Vector Databases
Embeddings, ANN search, HNSW index, pgvector, Pinecone, Weaviate
Vector databases store and query high-dimensional embedding vectors, enabling semantic similarity search — the backbone of RAG (Retrieval-Augmented Generation), recommendation systems, and multimodal search. Instead of exact key lookups, they perform Approximate Nearest Neighbor (ANN) search, trading 100% recall for sub-10ms query latency at billion-vector scale. The dominant index structure is HNSW (Hierarchical Navigable Small World), a graph-based index that achieves O(log N) query complexity with controllable recall vs speed trade-offs via the ef parameter.
Key Points
- Embeddings: dense float32 vectors (typically 384–3072 dimensions) produced by models like text-embedding-ada-002 (1536-d), Cohere Embed (1024-d), or open-source BGE (768-d).

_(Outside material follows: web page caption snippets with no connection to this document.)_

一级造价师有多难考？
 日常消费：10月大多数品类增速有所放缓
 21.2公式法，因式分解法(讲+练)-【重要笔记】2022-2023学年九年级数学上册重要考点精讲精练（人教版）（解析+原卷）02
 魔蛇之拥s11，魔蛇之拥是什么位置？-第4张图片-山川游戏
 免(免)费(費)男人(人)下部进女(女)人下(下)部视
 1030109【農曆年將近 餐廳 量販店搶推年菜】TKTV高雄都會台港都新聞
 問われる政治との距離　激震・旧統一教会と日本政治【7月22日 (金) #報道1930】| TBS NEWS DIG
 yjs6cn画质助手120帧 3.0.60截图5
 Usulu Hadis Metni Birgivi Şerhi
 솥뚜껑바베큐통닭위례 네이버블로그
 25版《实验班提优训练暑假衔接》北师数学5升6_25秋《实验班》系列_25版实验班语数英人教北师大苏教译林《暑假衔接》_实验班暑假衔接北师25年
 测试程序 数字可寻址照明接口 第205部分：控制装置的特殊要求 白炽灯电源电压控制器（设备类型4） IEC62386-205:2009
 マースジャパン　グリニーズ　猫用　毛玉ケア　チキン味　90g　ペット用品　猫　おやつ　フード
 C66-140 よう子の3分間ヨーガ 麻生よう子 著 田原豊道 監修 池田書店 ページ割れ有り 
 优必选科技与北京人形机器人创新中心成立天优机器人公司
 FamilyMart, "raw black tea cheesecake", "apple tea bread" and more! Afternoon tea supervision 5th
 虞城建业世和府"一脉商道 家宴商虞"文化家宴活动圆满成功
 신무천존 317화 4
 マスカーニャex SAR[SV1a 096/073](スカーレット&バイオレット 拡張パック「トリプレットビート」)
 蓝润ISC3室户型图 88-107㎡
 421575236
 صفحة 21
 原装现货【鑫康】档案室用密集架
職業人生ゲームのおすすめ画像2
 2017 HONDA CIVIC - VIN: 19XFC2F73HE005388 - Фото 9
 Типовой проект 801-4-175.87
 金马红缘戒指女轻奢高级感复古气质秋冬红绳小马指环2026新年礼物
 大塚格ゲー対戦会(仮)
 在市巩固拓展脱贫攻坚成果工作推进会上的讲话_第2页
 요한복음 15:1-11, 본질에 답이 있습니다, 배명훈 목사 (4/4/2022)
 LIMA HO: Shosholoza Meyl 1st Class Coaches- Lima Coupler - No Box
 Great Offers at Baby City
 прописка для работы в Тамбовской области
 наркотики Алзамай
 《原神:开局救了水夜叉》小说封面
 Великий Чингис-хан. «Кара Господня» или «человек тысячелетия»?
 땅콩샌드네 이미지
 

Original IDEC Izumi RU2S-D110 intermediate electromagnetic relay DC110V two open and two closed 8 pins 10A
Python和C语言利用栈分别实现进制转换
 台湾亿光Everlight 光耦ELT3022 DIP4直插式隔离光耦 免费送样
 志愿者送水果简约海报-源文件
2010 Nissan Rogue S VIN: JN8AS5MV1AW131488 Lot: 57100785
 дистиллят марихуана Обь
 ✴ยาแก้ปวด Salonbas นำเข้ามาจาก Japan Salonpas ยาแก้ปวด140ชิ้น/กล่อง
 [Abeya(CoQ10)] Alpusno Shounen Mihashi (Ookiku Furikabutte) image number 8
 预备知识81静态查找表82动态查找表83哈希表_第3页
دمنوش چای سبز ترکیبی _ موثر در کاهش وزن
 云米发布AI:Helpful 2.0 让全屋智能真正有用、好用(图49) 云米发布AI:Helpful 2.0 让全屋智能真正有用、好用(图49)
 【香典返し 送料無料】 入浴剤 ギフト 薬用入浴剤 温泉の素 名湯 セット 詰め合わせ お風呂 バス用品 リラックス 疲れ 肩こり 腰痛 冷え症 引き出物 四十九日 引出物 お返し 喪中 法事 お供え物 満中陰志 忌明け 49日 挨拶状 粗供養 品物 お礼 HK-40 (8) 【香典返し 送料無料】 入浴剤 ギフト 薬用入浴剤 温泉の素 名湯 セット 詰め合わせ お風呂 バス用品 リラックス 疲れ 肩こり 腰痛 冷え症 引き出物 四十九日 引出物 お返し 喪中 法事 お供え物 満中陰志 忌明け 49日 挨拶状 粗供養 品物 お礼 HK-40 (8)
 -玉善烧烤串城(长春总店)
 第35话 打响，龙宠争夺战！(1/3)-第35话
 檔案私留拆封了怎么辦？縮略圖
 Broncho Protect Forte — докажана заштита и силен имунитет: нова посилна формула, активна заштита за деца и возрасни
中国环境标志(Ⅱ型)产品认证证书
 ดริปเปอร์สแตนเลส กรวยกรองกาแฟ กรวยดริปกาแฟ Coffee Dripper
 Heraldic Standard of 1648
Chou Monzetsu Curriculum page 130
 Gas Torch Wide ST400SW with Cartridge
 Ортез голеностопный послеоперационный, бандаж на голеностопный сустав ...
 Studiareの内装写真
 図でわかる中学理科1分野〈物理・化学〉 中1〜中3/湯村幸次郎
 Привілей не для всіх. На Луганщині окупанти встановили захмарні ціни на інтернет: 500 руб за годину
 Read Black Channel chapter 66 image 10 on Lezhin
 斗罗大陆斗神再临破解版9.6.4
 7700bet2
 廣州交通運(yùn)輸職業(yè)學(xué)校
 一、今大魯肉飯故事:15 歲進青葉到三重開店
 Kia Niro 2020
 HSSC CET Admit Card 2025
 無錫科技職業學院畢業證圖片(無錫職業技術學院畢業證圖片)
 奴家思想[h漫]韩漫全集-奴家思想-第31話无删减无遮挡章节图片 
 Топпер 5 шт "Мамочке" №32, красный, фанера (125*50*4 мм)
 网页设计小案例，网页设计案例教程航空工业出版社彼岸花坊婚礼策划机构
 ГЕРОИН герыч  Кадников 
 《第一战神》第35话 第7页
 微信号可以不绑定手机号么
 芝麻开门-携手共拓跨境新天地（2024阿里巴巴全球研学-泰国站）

- HNSW index: a multi-layer graph where higher layers are sparse (long-range links) and the bottom layer is dense; query traverses from top layer down, greedily following closest neighbors — recall >95% achievable.
- IVFFlat (Inverted File Flat): k-means clusters the vector space into nlist centroids; query finds the nearest nprobe centroids and searches only their assigned vectors — faster build but lower recall than HNSW.
- pgvector extension adds VECTOR type and HNSW/IVFFlat index support to PostgreSQL; enables vector search alongside relational data without a separate infrastructure — ideal for <100M vectors.
- Pinecone: fully managed, serverless vector DB; supports namespaces (tenant isolation), metadata filters, and sparse-dense hybrid search; optimized for RAG use cases.
- Weaviate: open-source, supports hybrid search (BM25 + vector), multi-tenancy, and module ecosystem (OpenAI, Cohere, CLIP integrations); deployed on K8s or as managed cloud.
- Qdrant: Rust-based, supports payload filtering during ANN search (pre-filtering vs post-filtering trade-off); scalar and product quantization for memory reduction.
- Quantization: reducing float32 (4 bytes/dim) to int8 (1 byte/dim) or binary (1 bit/dim) cuts memory 4–32x with 1–5% recall loss; Product Quantization (PQ) is standard in Faiss and Qdrant.
Real-World Example
Notion uses pgvector on PostgreSQL for their AI Q&A feature — semantic search over workspace pages using OpenAI embeddings; the relational schema (user_id, page_id, embedding) enables filtered search without a separate vector DB. Spotify's Annoy (Approximate Nearest Neighbors Oh Yeah) library powers song recommendation by finding the 100 nearest songs in a 40-dimensional acoustic feature space for Discover Weekly.